As an example of this, I have a friend who is a detective...When he goes in to an interrogation, he brings a HUGE thick folder full of, what appears to be, photographs, statements, finger prints.  He puts the name of the person he is interrogating on the cover, along with the case name.  This HUGE pile of "evidence" appears to be massive.  If you looked at it closely, you'd see it had absolutely NOTHING to do with the case at all.  It's a prop.  But to the suspect, it looks as if the evidence is overwhelmingly damning.  It's the "illusion" of evidence, by shear volume of material.  

Now, knowing that trick, I don't fall for the "mountain of evidence" gag.  I demand proof, in detail.  Nobody fools me by pointing to a "mountain of evidence" and expecting me to take their word that "it's ALL in there".


----------



## Makalakumu (Nov 20, 2005)

Name a single vote?  40% of the machines leave absolutely no paper trail.  How would one "check" anything about those votes?  A single vote among millions?  I don't see how that could be a more powerful tool then the statistics.  

Anyway, the information you want to discuss in located in the Congressional report.  Specific individuals who saw there vote change from Kerry to Bush on an e-voting machine testified under oath about it.


----------



## sgtmac_46 (Nov 20, 2005)

upnorthkyosa said:
			
		

> Name a single vote? 40% of the machines leave absolutely no paper trail. How would one "check" anything about those votes? A single vote among millions? I don't see how that could be a more powerful tool then the statistics.
> 
> Anyway, the information you want to discuss in located in the Congressional report. Specific individuals who saw there vote change from Kerry to Bush on an e-voting machine testified under oath about it.


 But your "statistics" don't show anything. They certainly don't show that anyone attempted to defraud the election.  It is not evidence of anything, and it's been distorted and manipulated.  It's all insinuation, hyperbole and innuendo.  

In the end, you don't have one single shred of direct evidence of ANYTHING. Not ONE shred of evidence to support your claim, other than nebulous and unvarifiable anecdotal stories by biased sources?  You've claimed that person(s) have engaged in a concerted effort to defraud and disinfanchise and ENTIRE country, and yet you don't have one single shred of evidence to support even ONE single incident where this took place, other than "The numbers just don't make sense to me"....Interesting.  
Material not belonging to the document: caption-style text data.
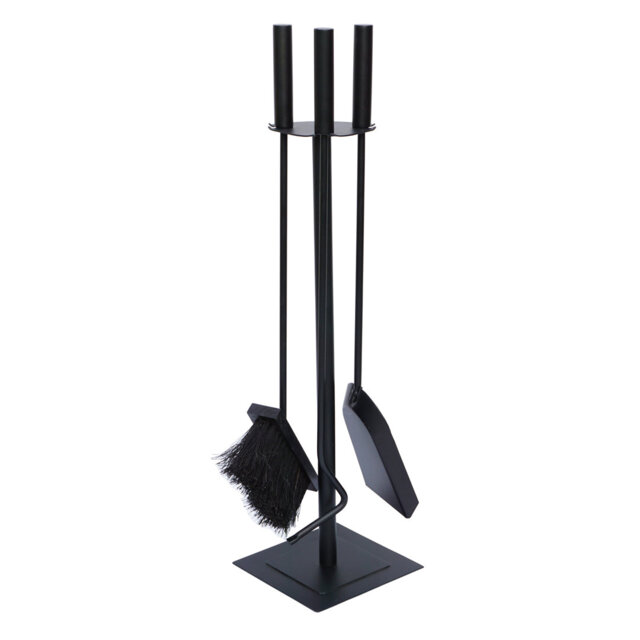 Malham Steel Fireplace Tool Set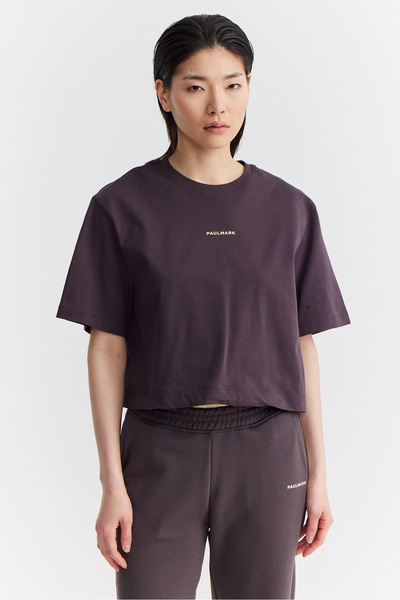 PAULMARK Short pentru femei cu scris tricou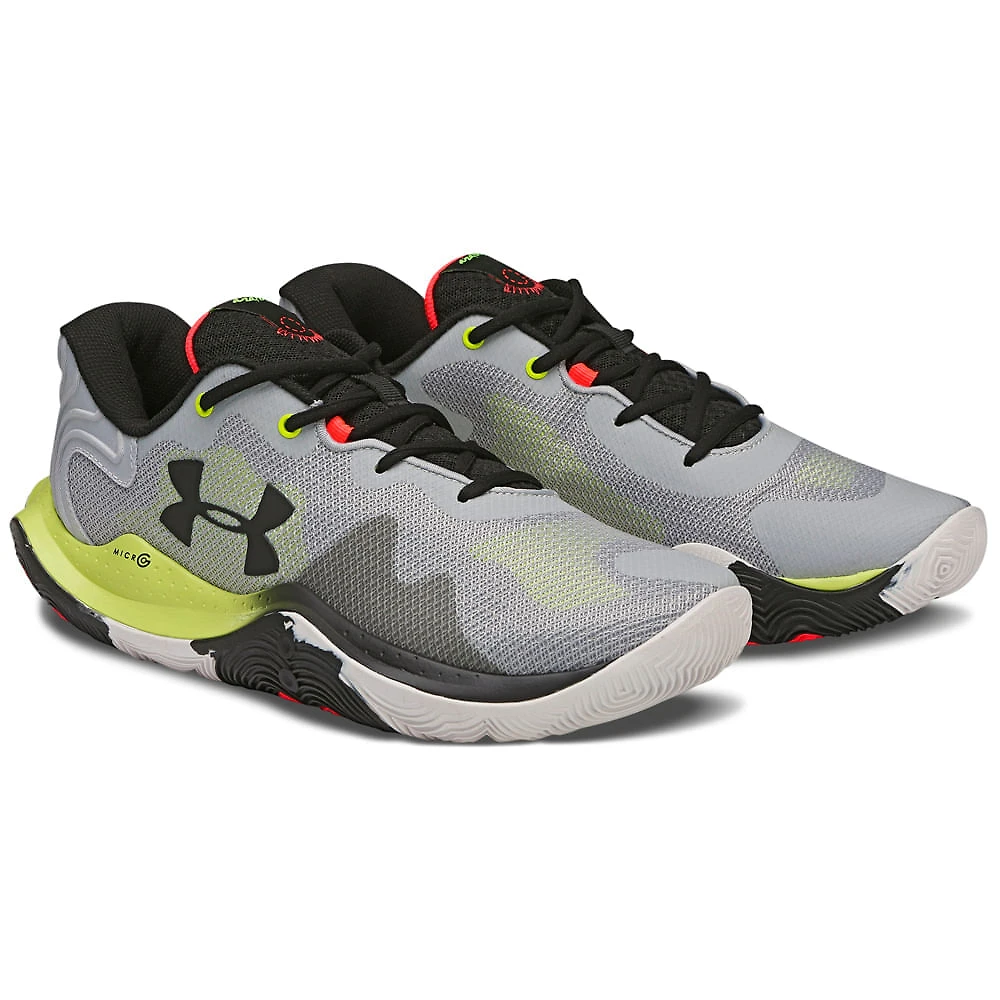 Miniatura Tênis de Basquete Masculino Under Armour Buzzer Cinza - 39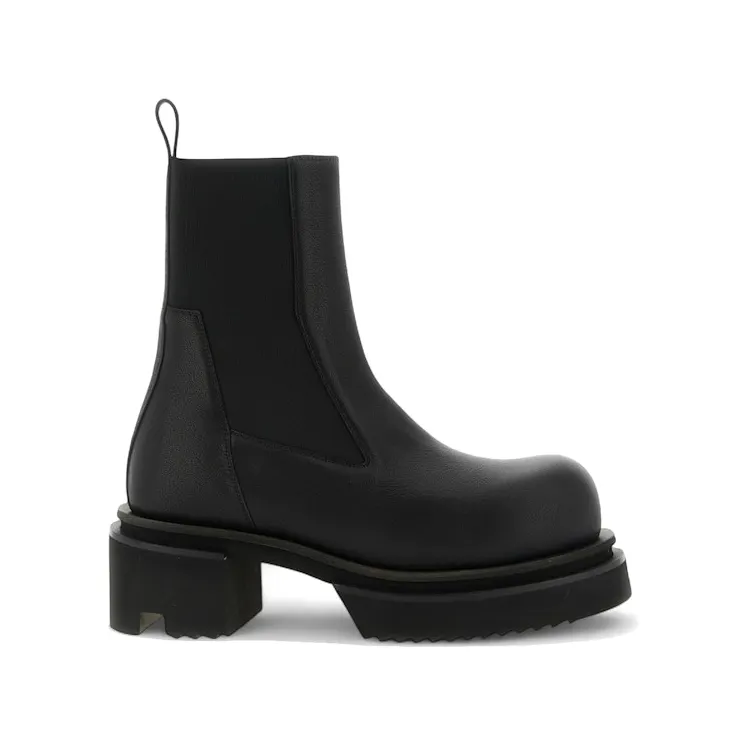 Rick Owens Beatle Bogun Ankle Boot Black (RU01F2832-LGG-09)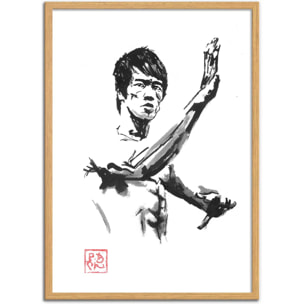 Affiche - Bruce Lee - Pechane Sumie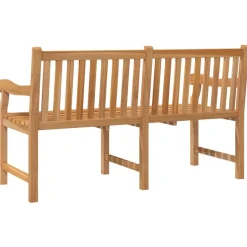 New FinePRICE Puutarhapenkki 150 cm, tiikki, ruskea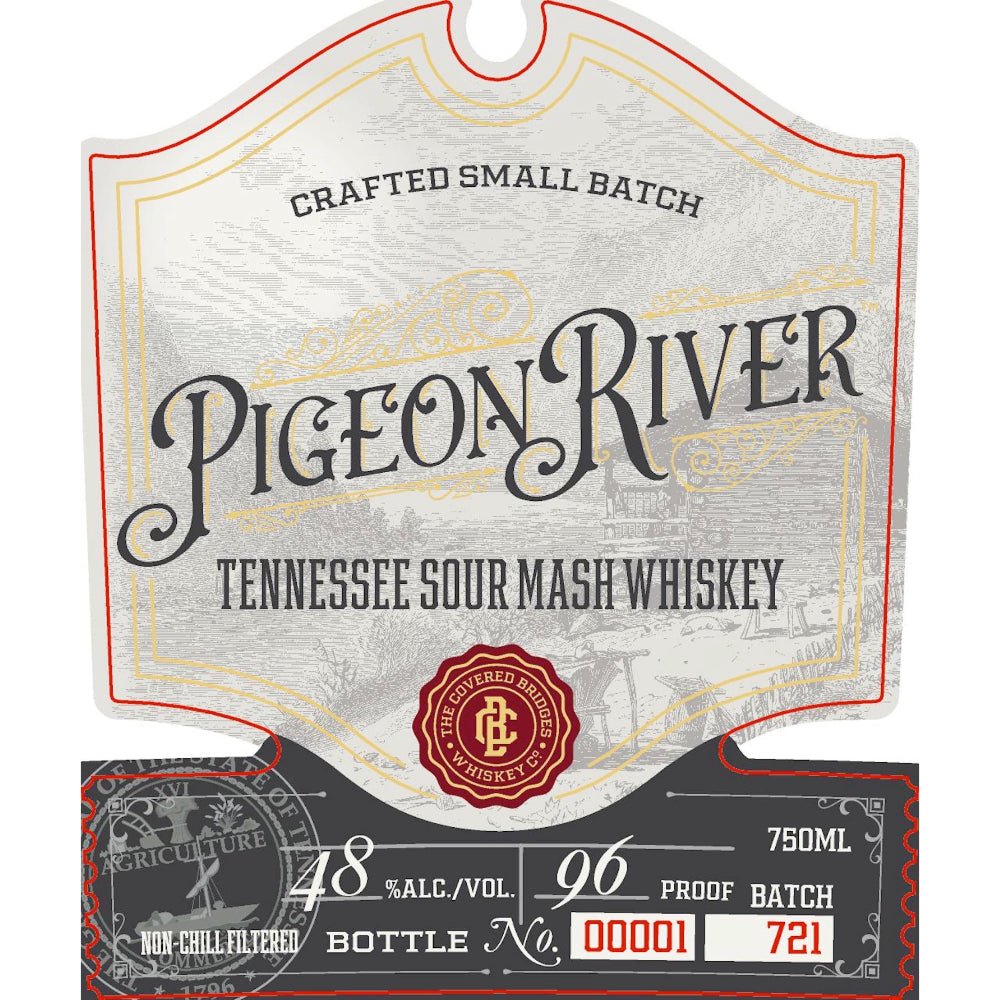 Pigeon River Tennessee Sour Mash Whiskey American Whiskey The Covered Bridges Whiskey Co.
Allegations that are vague, over-generalized, and unsupportable....are usually bogus.


----------



## Makalakumu (Nov 20, 2005)

sgtmac_46 said:
			
		

> But your "statistics" don't show anything. It's all insinuation and innuendo. So you're admitting you don't have ONE shred of evidence to support your claim, other than nebulous and unvarifiable anecdotal stories by biased sources?


 
I don't admit that at all and I pointed you in the direction of some verifiable data.  The sampling of things that ended up in the congressional report are only the tip of the iceberg.  You know what, we've been around this tree before.

Think about this...imagine, for one moment, that you are wrong.  Think for a moment, what if these people actually experienced what they are claiming to have experienced?  Think about what the GAO report does for those allegations?  What if you are wrong?  If I'm wrong, its no big deal, but if you are...
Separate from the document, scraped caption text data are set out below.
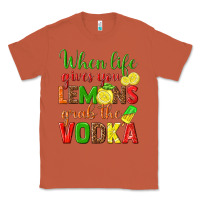 Copper when life gives you lemons grab the vodka Classic Tee - texasbilliewilder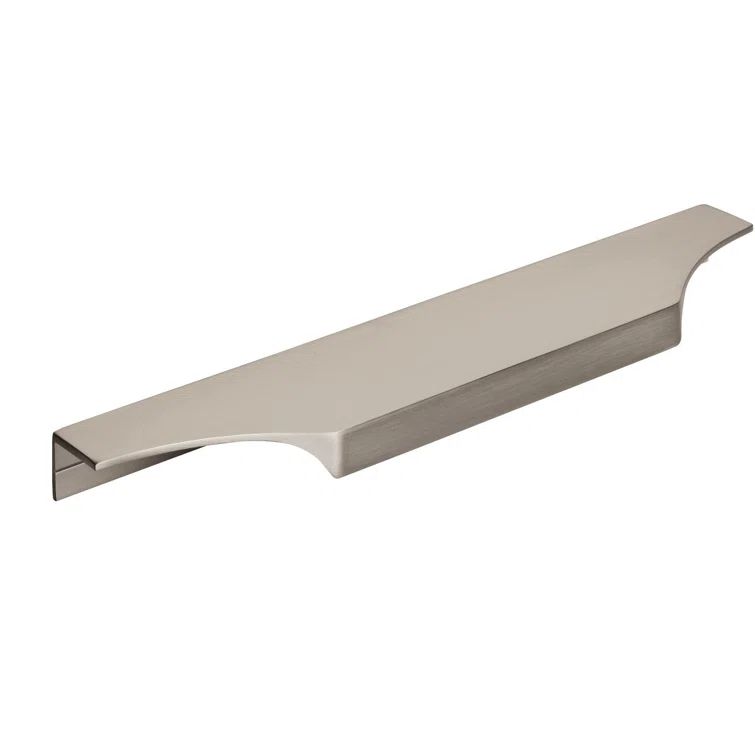 Satin Nickel Modern Finger Pull with Mounting Hardware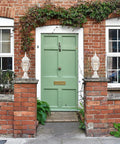Traditional entrance with Three Light Outdoor Post Lantern With Clear Beveled Glass Panels In White Finish 21 Inch Tall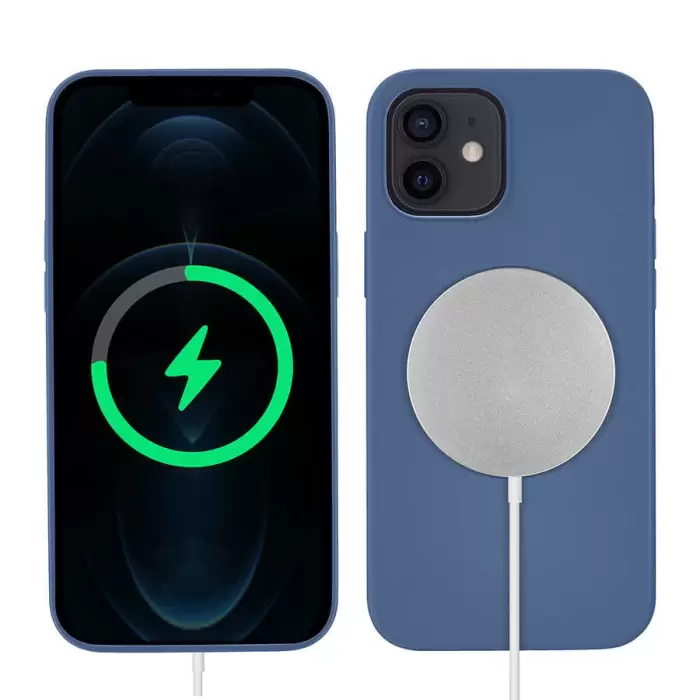 Apple iPhone 12 Mini Kılıf Lopard Silksafe Wireless Kapak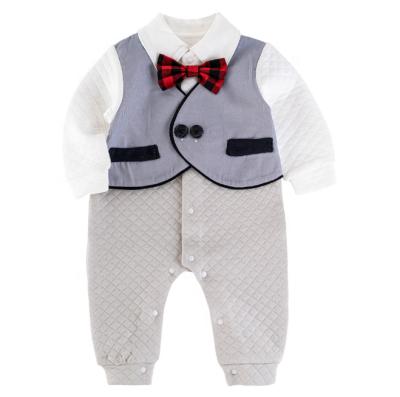 China Custom White Infant Baptism Romper Newborn Infant Babygrow Babygrow Newborn Outfit for sale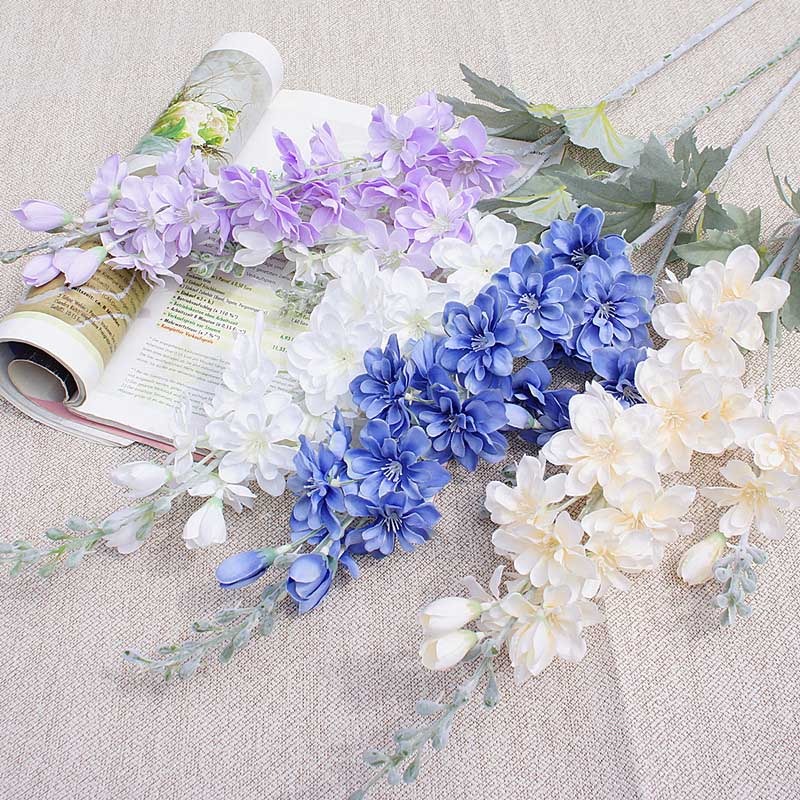Cành hoa phi Yến kép giả dài 84cm gồm 2 nhánh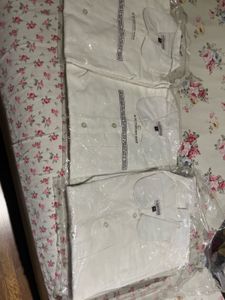 White New Formal Shirt  -3 Shirts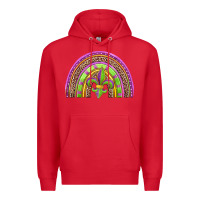 Red mardi gras rainbow Premium Hoodie - Jasminsmagicworld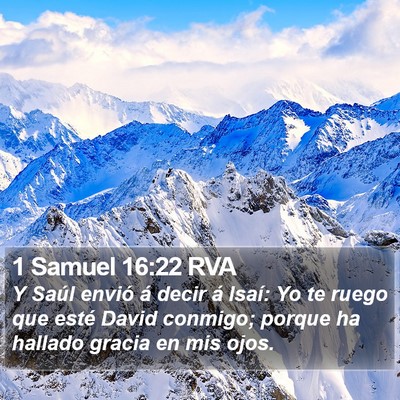 1 Samuel 16:22 RVA Bible Verse Image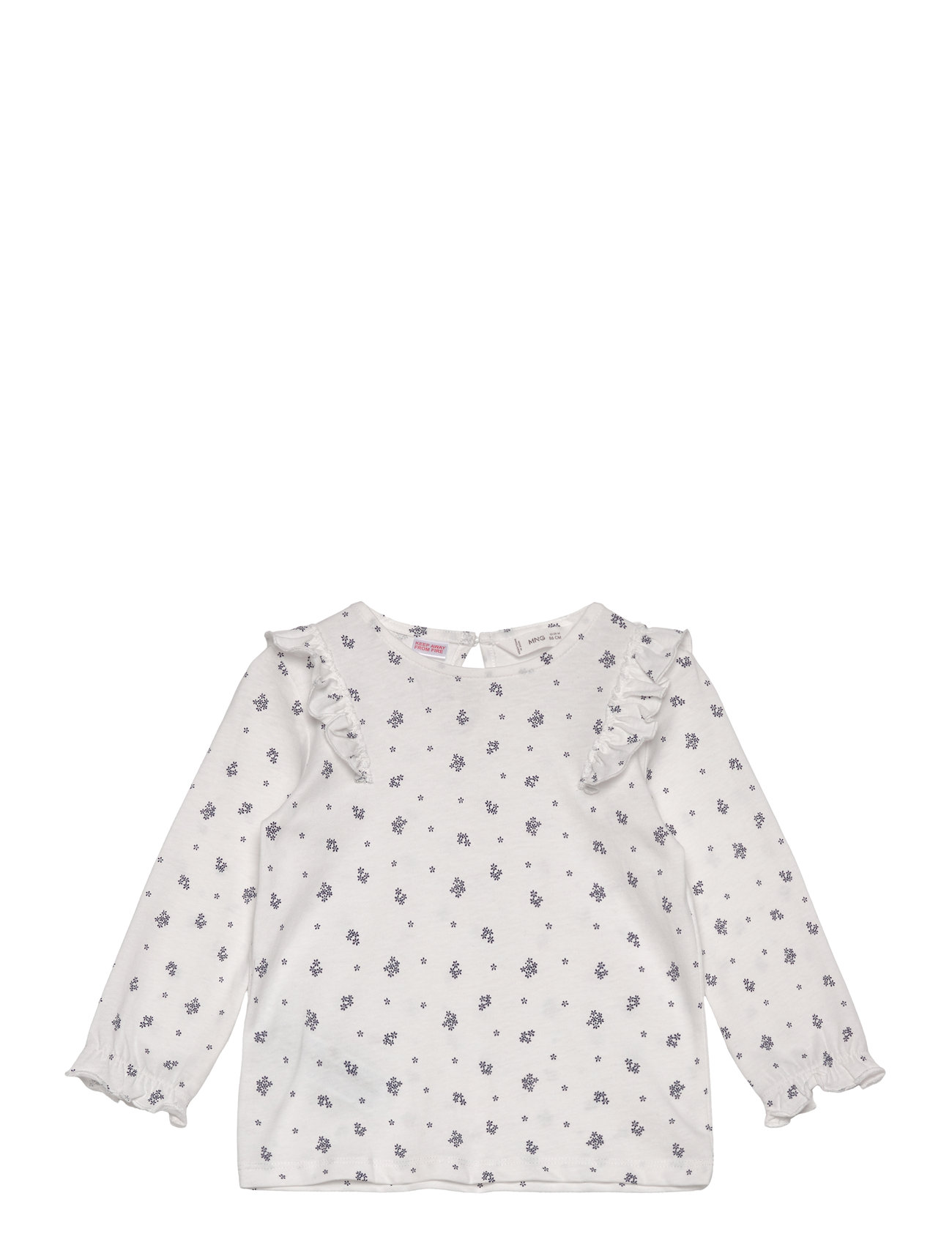Ruffles Printed Blouse White Mango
It needs to be investigated further.


----------



## sgtmac_46 (Nov 20, 2005)

upnorthkyosa said:
			
		

> I don't admit that at all and I pointed you in the direction of some verifiable data. The sampling of things that ended up in the congressional report are only the tip of the iceberg. You know what, we've been around this tree before.
> 
> Think about this...imagine, for one moment, that you are wrong. Think for a moment, what if these people actually experienced what they are claiming to have experienced? Think about what the GAO report does for those allegations? What if you are wrong? If I'm wrong, its no big deal, but if you are...
> 
> It needs to be investigated further.


 No, what you DID was make a vague allegation and then refuse to provide even ONE shred of evidence that this happened ANYWHERE.  

Now, your argument is "Well, if it were true...."  Is that supposed to be a supporting argument.   Imagine that argument in court "Well, if he WAS guilty, then all this fabricated evidence would support it."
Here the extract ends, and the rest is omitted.